[Opening DATASET CONTENT section]
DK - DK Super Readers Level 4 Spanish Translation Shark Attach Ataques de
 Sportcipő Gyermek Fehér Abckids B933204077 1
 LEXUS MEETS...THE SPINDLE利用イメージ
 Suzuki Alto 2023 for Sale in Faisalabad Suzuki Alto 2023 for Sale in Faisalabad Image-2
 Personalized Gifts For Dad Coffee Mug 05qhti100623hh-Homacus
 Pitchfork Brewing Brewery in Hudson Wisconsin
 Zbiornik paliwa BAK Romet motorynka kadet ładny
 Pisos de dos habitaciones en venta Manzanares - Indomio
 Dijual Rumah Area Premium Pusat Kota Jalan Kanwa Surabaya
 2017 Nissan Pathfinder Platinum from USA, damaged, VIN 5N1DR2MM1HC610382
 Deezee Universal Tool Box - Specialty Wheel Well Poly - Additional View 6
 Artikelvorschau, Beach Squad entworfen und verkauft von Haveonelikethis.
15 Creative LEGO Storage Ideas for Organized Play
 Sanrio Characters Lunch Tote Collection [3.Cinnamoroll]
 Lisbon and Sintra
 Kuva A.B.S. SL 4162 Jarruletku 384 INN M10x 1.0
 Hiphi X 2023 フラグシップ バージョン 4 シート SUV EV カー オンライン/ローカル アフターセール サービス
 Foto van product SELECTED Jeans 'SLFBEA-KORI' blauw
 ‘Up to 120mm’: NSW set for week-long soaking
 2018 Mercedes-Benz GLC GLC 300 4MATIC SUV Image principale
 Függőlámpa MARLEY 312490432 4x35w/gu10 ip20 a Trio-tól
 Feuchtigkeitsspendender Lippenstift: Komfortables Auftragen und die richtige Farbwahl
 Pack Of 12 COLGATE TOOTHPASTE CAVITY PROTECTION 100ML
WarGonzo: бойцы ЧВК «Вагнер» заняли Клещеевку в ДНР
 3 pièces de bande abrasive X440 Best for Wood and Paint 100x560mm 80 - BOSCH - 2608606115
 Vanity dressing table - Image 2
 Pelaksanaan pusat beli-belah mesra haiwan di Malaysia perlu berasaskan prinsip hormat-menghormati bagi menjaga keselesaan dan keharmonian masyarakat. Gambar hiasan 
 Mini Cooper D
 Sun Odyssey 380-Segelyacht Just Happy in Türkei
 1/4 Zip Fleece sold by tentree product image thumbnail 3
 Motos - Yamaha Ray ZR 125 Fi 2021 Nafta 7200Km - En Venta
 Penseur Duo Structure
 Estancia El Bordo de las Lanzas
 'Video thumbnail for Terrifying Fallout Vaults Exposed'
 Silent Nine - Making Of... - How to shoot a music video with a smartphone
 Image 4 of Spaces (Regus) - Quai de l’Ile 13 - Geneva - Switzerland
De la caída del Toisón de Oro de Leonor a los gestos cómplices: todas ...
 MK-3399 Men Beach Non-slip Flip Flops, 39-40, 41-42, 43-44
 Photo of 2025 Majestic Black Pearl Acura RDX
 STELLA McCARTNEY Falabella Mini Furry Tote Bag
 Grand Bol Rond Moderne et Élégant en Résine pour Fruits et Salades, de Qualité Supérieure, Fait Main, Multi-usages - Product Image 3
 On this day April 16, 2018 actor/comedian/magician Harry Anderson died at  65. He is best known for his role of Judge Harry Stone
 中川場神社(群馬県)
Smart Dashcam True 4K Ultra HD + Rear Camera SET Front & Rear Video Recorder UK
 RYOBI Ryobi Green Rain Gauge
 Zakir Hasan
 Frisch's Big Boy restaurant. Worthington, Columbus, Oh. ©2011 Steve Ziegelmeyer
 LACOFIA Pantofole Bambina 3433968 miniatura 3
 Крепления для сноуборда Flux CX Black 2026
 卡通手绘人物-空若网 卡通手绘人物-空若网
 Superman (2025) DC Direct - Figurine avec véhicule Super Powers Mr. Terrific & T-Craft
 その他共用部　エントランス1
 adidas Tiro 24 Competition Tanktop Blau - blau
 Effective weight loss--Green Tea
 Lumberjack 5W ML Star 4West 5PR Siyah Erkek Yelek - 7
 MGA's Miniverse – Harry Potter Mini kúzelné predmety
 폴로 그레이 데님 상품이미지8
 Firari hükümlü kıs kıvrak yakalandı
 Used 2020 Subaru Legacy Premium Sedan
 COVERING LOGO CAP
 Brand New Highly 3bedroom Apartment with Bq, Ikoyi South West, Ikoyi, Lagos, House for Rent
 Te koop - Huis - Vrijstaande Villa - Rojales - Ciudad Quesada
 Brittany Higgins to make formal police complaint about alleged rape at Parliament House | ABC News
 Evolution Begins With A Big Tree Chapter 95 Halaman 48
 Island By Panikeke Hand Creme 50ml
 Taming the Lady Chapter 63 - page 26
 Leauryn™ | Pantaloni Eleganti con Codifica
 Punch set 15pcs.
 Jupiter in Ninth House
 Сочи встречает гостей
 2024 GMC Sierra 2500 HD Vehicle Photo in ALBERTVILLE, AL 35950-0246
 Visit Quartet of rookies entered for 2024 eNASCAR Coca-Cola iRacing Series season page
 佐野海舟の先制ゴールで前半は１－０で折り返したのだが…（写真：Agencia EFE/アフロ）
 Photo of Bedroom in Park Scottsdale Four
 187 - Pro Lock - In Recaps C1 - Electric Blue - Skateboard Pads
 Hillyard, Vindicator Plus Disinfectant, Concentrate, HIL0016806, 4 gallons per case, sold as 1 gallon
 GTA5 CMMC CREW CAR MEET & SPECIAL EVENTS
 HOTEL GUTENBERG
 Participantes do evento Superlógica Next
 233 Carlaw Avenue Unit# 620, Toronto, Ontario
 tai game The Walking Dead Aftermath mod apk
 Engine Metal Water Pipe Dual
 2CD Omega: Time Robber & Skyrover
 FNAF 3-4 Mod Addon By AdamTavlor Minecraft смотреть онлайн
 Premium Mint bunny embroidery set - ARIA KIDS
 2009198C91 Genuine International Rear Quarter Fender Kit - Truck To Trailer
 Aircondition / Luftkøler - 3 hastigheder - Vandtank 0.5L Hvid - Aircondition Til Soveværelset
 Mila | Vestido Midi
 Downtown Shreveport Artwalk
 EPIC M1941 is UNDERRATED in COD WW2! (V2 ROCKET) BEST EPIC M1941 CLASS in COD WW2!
[Closing DATASET CONTENT section]
TASK ITEM — Lines with "Black": copy every one of them from the listing above.

RESPONSE —
 Photo of 2025 Majestic Black Pearl Acura RDX
 Крепления для сноуборда Flux CX Black 2026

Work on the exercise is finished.